Judicious Judging: The Effects of Political Division on Decision Making in the European Court of Justice

10.10.2023 - 12:00 to 13:30
Location : 
A 5,6 Raum A 231
Type of Event : 
AB B-Kolloquium
Silije Hermansen
Lecturer affiliation: 
University of Copenhagen

How do courts react to political debate? Their legitimacy hinges on their ability to uphold the law impervious to political pressure. The authority of the ruling follows from the court's reputation as apolitical. Politicization – understood as salient questions that divide stakeholders – threatens to erode this image. It imposes conflicting demands: Courts can prove their worth by solving questions for which there is a demand for a legal solution, but they risk their reputation in a politically divided environment.
Literature on judicial independence focuses on direct and explicit threats issued by the political branch. Arguments of legislative override typically predict that political division empowers the judiciary. In contrast, we argue that courts are sensitive even to the potential eruption of conflict because they value their diffuse legitimacy. Effective judicial policy making is thus a question of strategic timing.

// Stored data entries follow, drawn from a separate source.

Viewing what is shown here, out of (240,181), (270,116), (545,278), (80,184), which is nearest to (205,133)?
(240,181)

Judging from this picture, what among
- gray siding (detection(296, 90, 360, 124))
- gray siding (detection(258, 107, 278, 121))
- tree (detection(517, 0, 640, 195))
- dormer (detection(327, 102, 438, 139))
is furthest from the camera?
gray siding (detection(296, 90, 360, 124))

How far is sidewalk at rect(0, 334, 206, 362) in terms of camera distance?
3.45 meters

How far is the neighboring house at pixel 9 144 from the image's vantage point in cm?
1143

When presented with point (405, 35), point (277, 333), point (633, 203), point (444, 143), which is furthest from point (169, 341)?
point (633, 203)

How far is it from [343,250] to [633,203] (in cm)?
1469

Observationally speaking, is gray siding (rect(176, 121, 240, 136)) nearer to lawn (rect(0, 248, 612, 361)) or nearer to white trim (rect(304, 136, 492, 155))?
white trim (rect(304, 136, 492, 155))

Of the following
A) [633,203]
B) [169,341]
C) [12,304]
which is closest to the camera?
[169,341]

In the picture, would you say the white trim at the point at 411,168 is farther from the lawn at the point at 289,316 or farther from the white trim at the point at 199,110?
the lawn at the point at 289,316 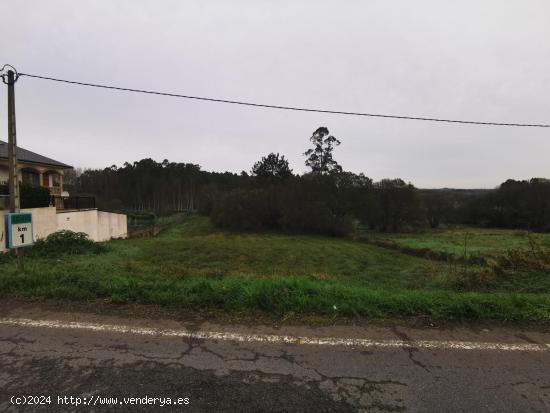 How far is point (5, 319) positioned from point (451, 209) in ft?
221

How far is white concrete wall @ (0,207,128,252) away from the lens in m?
13.6

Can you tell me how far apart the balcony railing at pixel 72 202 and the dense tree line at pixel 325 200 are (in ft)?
73.3

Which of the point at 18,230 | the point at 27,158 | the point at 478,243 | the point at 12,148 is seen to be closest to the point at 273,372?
the point at 18,230

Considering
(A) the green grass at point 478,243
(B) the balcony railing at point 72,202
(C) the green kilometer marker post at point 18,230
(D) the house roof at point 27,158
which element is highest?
(D) the house roof at point 27,158

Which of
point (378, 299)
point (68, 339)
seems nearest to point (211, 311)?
point (68, 339)

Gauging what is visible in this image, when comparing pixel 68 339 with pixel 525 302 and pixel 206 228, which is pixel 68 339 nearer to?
pixel 525 302

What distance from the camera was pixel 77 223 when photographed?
17203mm

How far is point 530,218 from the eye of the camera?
166 feet

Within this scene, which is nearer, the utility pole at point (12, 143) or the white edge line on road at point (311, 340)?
the white edge line on road at point (311, 340)

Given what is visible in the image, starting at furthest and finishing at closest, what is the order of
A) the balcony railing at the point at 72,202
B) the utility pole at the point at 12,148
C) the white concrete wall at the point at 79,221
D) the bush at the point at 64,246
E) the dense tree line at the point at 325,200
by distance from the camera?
1. the dense tree line at the point at 325,200
2. the balcony railing at the point at 72,202
3. the white concrete wall at the point at 79,221
4. the bush at the point at 64,246
5. the utility pole at the point at 12,148

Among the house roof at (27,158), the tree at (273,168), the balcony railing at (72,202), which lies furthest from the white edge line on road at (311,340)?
the tree at (273,168)

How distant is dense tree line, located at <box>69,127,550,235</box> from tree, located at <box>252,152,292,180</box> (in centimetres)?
19

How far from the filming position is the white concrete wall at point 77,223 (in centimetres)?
1356

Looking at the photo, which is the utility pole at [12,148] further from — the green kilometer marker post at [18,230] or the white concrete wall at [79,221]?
the white concrete wall at [79,221] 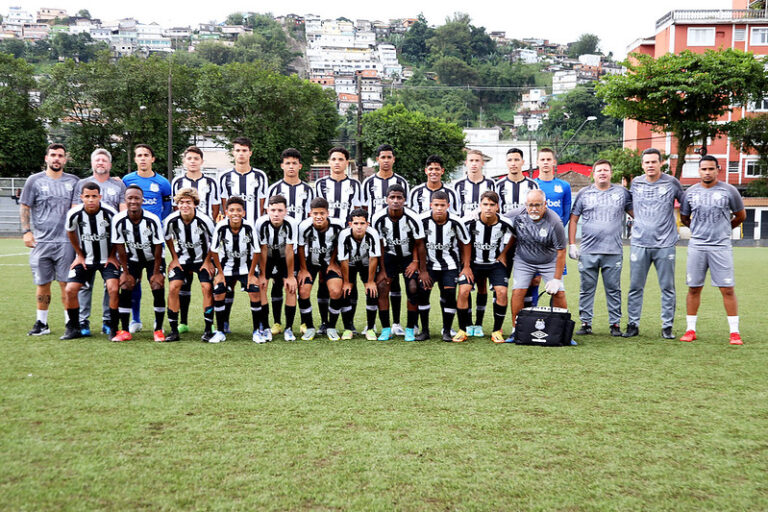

To test our theory, we study the European Court of Justice. Known as the “dark horse of integration”, it is an independent court with political sway. Yet political considerations profoundly affects its decision making. We draw on unprecedented data mapping out the legal ambit of all preliminary cases relating to the Free movement of people throughout the history. We find that the Court holds back on the legal ambit of rulings, preferring to bolster its institutional authority, in times of political division. Reversely, it broadens the ambit when salience is high and conflict low. Thus, when salience and division combine, they null each other out; leaving traces only in the decision-making process.